Itamar Marcus was in town, and instructions were that we had to eat "Kosher Kosher." Surprised to find neither the Zagat nor the Michelin had a listed kosher section, even here in New York City (home to more Jewish people than Tel Aviv), I began to realize how difficult it must be for an observant Jew looking to eat out. Fortunately Caravan of Dreams could accommodate us where I had arrived early, as is my custom. Red walled, with a low slung ceiling, the dining room ensconced me in bonhomie. While it was cold outside, in the womb-like room the air was pleasantly humid. A potted palm provided a far-from-here tropical ambiance. A breeze stirred, reminiscent of Al Nakheel's on the Jeddah Corniche. Nursing my thoughts in the pregnant silence, I sensed something about to hatch.

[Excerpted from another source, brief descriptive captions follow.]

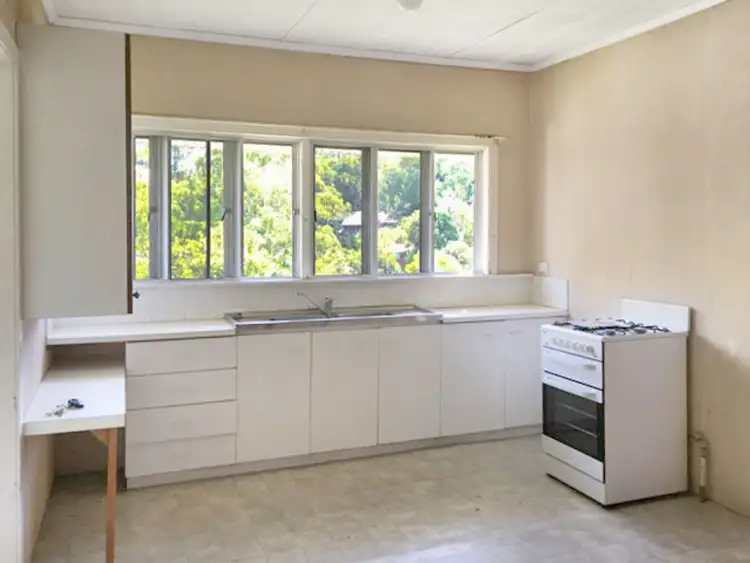 Fourth view of Homely house listing, 38 Coverdale Street, Indooroopilly QLD 4068
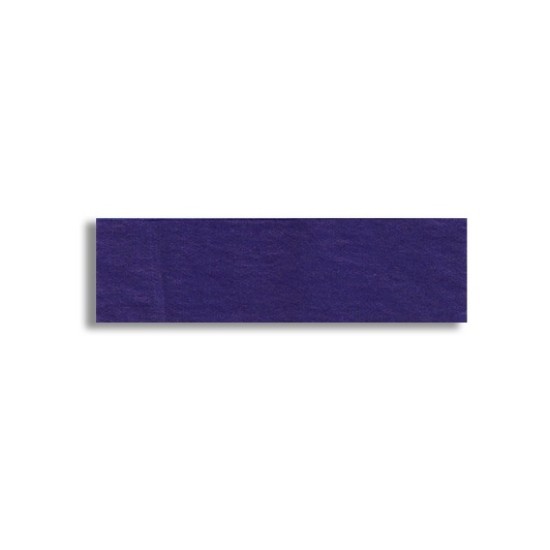 ΧΑΡΤΙ ΑΦΗΣ ΣΚΟΥΡΟ ΜΠΛΕ (TISSUE PAPER) 48ΦΥΛΛΑ ΧΑΡΤΙ ΑΦΗΣ ΣΚΟΥΡΟ ΜΠΛΕ (TISSUE PAPER) 48ΦΥΛΛΑ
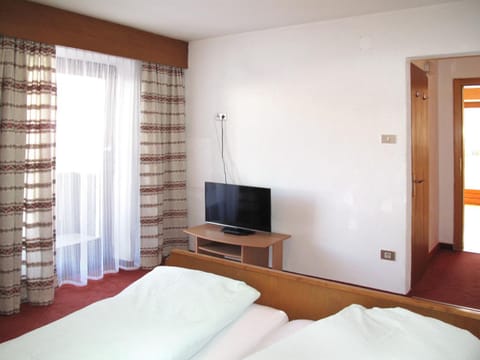 Apartment Haupthaus Schönblick - SVH119 by Interhome Apartment in Trentino-South Tyrol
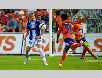 Dự đoán Sarpsborg 08 FF vs Aalesund FK 00h00, ngày 13/05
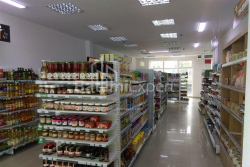 Пәтер 1-комн 286 m² - Шериф Химшиашвили, Batumi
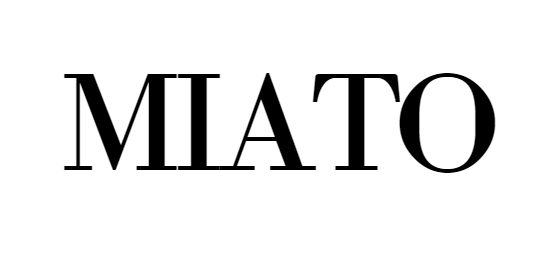 Miato Store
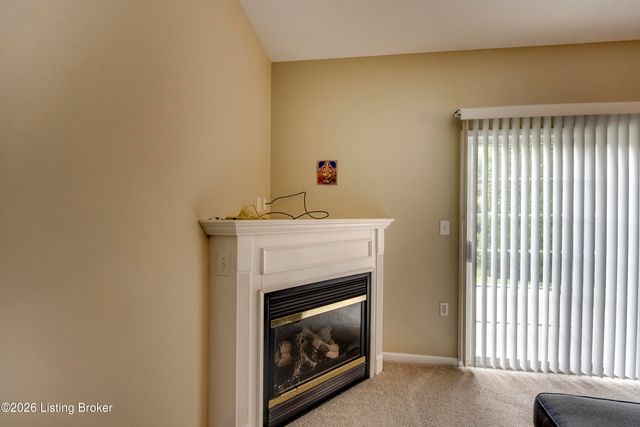 5034 Ardossan Square, Louisville, KY 40241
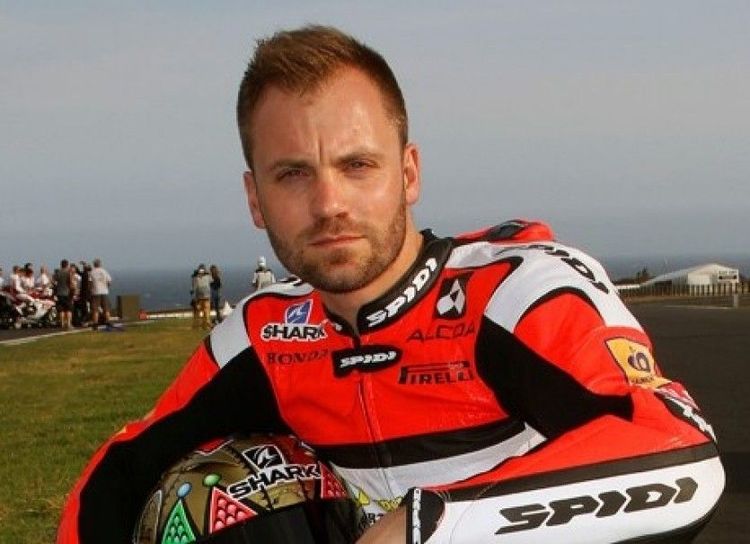 Gabor Talmacsi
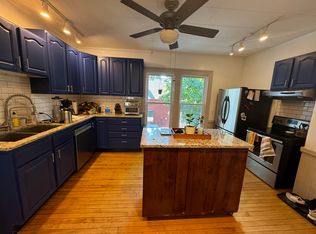 48 S State St #2, Concord, NH 03301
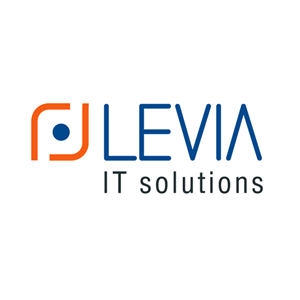 Logo Design by mmalon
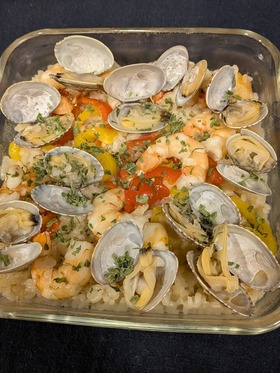 PXL_20251223_085901589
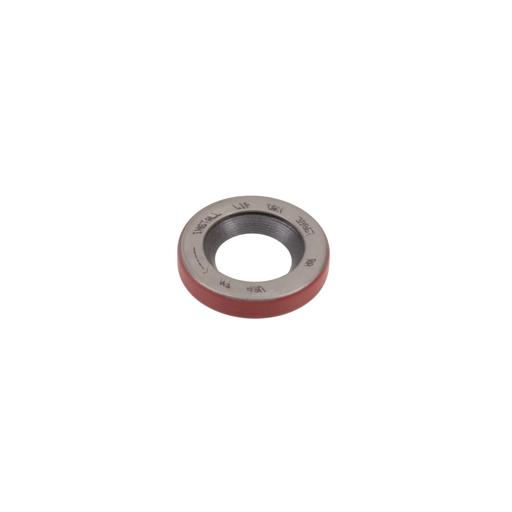 National Seals - NAT39867 - 39867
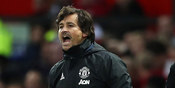Manchester United Diminta Move On Manchester United Diminta Move On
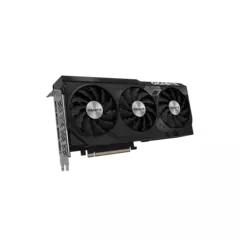 Placa GeForce RTX 4070 WINDFORCE OC 12G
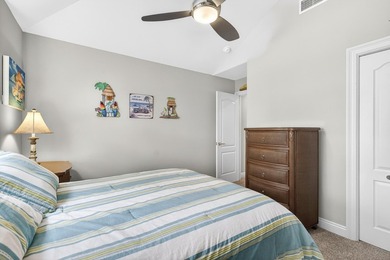 This stunning home is truly the jewel of the neighborhood--don't - photo 44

I thought about my invitation last month that had led to ringside seats at a Waziristan beheading. Tonight I was relaxed - whatever happened, I couldn't possibly see or hear anything worse. I leaned back into my chair, savoring the anticipation of unscheduled time in intelligent company.
The quorum began to assemble. Brooke Goldstein, founder of the Children's Rights Institute, arrived first. Soon after, my friend Richard walked in, made late by uncooperative trains. We all waited for Itamar.
I didn't notice him enter at first, even though the dining room was small. A diminutive, immediately friendly man approached our table, apologizing for his delay. Dressed in a sharply-pressed shirt, and yarmulke, this was Itamar. I signaled for him to sit next to me, under a feeble spotlight. I wanted to really see this person.
A few days earlier, in noisy traffic, over a bad blue-tooth connection, I had agreed to meet him, thinking he was the director of Palestinian Medical Watch. I imagined he ran some kind of NGO health organization. Only later did I realize it was media that he watched. Tonight, I would learn about Palestinian Media Watch (PMW), which examined the media output of the Palestinian Authorities. Indeed, I decided, it was a kind of medical surveillance, but of wholly alien diseases, diseases that propagate generational pandemics of terror.
Something about Itamar was immediately winsome, warm. I liked him at once. Without knowing why, I promptly recognized there was an air of urgency to the evening. Rather like taking a history from a complicated patient, I began peppering him with questions, worried I wouldn't have time to learn everything I needed. Practicing medicine is a lot like journalism - one gathers detailed eyewitness accounts of memorable events from multiple sources, repeatedly rechecking the story. This evening I wanted to know what Itamar had seen.
He told his story with simplicity, beginning with his birth in Uptown Manhattan, to his experience of making aliyah at 22, an ascent which would ultimately lead him to the fascinating Israeli destiny which, (as the Pirkeh Avot tells us) by Hasgahah pratis, patiently awaited him.
Over a decade and a half ago, while working as an advisor for an Israeli ministry, he stumbled upon Arabic medium broadcasts emerging from the Palestinian Authority. In his accidental discovery, he had fallen into an extraordinary abyss, leading headlong into the wellspring of an unparalleled Pop Culture of Death. As he talked, we each fell under his spell, transfixed for long silences as we followed his journey.
In the beginning, Itamar had examined speeches given by then Palestinian leader Yasser Arafat. While never advocating terror explicitly, translators were discovering Arafat did acknowledge the need for "Amalia" during the day, ("acts") implying civil disobedience to Israeli directives, while simultaneously (and rather coyly) stating matters "after nightfall" were an entirely distinct issue. Arafat was condoning any kind of response, one entirely open to his supporters' interpretations. All bets, he seemed to say, were most certainly off.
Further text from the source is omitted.